An ancient sense of belonging

7 Oct 2017

Phil BrownArts Editor, The Courier-Mail

When the folk at the R.D. Milns Antiquities Museum at the University of Queensland decided to mount an exhibition about ancient citizenship, they must have been having some sort of premonition. I mean, look at what's happened recently around that subject. I'm referring to the dual citizenship matter. Did they have similar problems in ancient times? I'm not sure, but citizenship was certainly an issues - one of pride, generally.

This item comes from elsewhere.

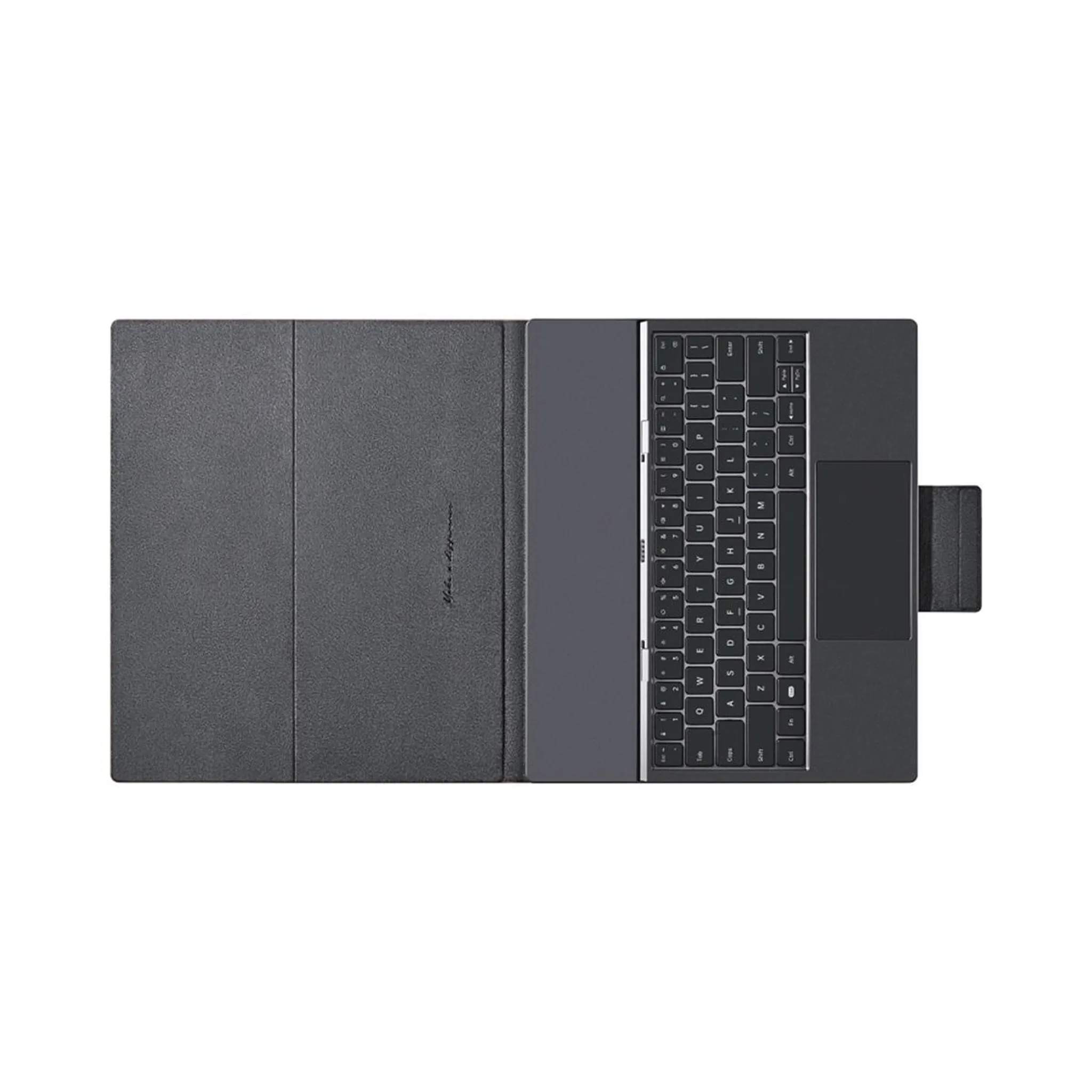 Onyx - BOOX Note Max / Tab X C Tastatur-Schutzhülle - 13.3"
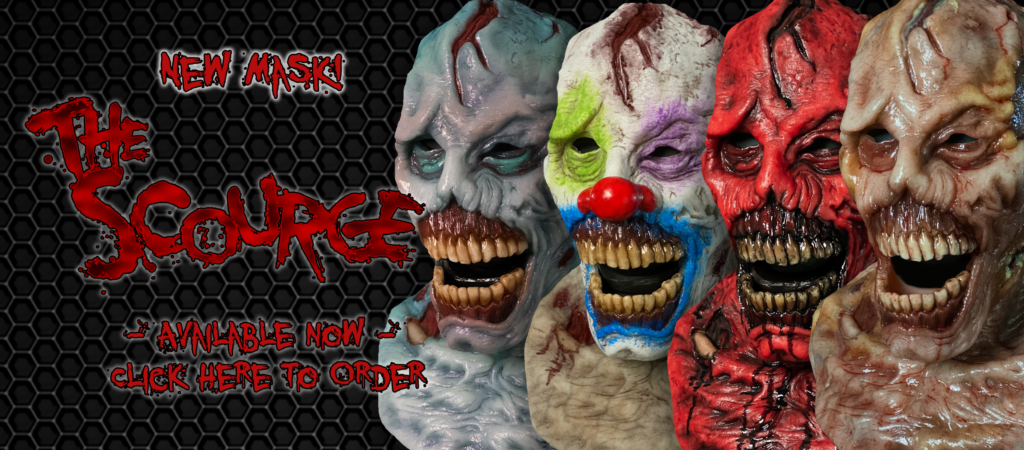 CFX Masks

The exhibition Why Citizenship? Stories from Athens and Rome focuses on the important role of citizenship in both modern and ancient societies. This museum is very good at telling these stories. It's a little treasure trove, actually, and if you've never been there, it's in the gracious old Michie Building, upstairs from the UQ Anthropology Museum, and not far from the UQ Art Museum. This little trifecta of museums is well worth a visit, but do check their opening times because only the UQ Art Museum is open on weekends. Entry to them is all free.

The R.D. Milns Antiquities Museum supports and promotes the study of Greek, Roman, Egyptian and Near Eastern civilisations through their material remains. It offers a wide range of programs for primary and secondary schools, university courses and the general public, drawing from its collection of more than 7000 original objects. Having ancient artefacts to hand helps, and for this exhibition, which runs until May next year, there are some fascinating items that act as portals to the past. The Tombstone for Theophile is a marble piece from the Piraeus dating from 400BC to 350BC. There's also a grave marker from Roman Syria that dates to 175-225AD; a military diploma, possibly from Roman Britain (it's bronze), dating from 100-103AD; an altar for Jupiter in sandstone, from Carnuntum, Austria, which dates to from 100-200AD, plus other items.

According to museum director and senior curator, Dr Janette McWilliam, "the exhibition not only uses artefacts to bring to life the stories of citizenship of 10 individuals who lived under Athenian and Roman empires but, through interactive voting panels, it asks visitors to reflect upon universal questions pertaining to citizenship today".

The exhibition was created to help mark the 50th anniversary of the referendum that removed discriminatory references to indigenous Australians from the Australian Constitution and counted them as part of the population for the first time.

Citizenship in the ancient world differed according to the place.  In classical Athens, entry into the citizen body was tightly controlled - determined by gender, birth and ancestry - while in Rome, although freeborn status granted a basic set of rights, birth, wealth and gender created a very stratified society.

The exhibition explores the stories of ancient citizens and why citizenship matters, and it invites us to consider and reflect upon concepts of citizenship.